Records from a data source:
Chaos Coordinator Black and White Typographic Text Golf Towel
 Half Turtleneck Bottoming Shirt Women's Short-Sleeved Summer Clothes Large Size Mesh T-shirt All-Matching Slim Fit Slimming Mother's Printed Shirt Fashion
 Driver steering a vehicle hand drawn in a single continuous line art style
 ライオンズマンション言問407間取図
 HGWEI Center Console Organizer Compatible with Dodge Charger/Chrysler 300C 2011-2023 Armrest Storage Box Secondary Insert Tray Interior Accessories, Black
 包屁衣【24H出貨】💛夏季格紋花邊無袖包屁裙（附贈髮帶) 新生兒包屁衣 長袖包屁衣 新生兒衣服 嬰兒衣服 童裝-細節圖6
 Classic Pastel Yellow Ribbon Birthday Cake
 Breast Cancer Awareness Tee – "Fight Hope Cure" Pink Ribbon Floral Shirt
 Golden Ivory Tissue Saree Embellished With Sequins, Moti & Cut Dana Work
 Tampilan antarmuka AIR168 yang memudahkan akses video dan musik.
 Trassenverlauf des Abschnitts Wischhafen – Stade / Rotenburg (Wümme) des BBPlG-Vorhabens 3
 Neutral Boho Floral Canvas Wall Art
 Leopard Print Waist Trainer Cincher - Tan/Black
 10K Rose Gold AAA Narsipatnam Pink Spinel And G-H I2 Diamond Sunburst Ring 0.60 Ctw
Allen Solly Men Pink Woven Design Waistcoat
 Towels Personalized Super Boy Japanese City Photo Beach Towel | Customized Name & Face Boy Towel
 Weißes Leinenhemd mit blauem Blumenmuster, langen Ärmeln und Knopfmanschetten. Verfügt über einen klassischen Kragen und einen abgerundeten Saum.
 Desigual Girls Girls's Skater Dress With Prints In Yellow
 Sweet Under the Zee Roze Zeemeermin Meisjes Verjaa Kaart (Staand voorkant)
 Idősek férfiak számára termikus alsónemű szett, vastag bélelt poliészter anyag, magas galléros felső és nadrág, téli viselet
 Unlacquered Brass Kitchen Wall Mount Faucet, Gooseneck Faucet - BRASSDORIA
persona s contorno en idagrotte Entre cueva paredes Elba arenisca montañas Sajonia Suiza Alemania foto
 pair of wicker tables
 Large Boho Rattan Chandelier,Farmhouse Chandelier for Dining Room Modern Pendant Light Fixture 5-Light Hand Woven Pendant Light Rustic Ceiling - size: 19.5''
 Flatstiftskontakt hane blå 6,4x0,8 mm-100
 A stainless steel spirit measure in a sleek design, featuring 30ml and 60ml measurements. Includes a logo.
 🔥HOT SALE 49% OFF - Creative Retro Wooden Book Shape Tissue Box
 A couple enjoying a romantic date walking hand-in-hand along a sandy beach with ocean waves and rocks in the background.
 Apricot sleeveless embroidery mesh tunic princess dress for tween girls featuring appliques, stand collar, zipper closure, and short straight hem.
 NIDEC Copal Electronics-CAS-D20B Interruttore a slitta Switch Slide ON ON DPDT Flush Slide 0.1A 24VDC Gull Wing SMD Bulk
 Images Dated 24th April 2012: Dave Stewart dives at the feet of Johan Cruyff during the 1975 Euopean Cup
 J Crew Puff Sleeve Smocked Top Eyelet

• [About this exercise]: Find each line of the data above that holds the word "Black", then copy it.

• [Solution for this exercise]:
Chaos Coordinator Black and White Typographic Text Golf Towel
 HGWEI Center Console Organizer Compatible with Dodge Charger/Chrysler 300C 2011-2023 Armrest Storage Box Secondary Insert Tray Interior Accessories, Black
 Leopard Print Waist Trainer Cincher - Tan/Black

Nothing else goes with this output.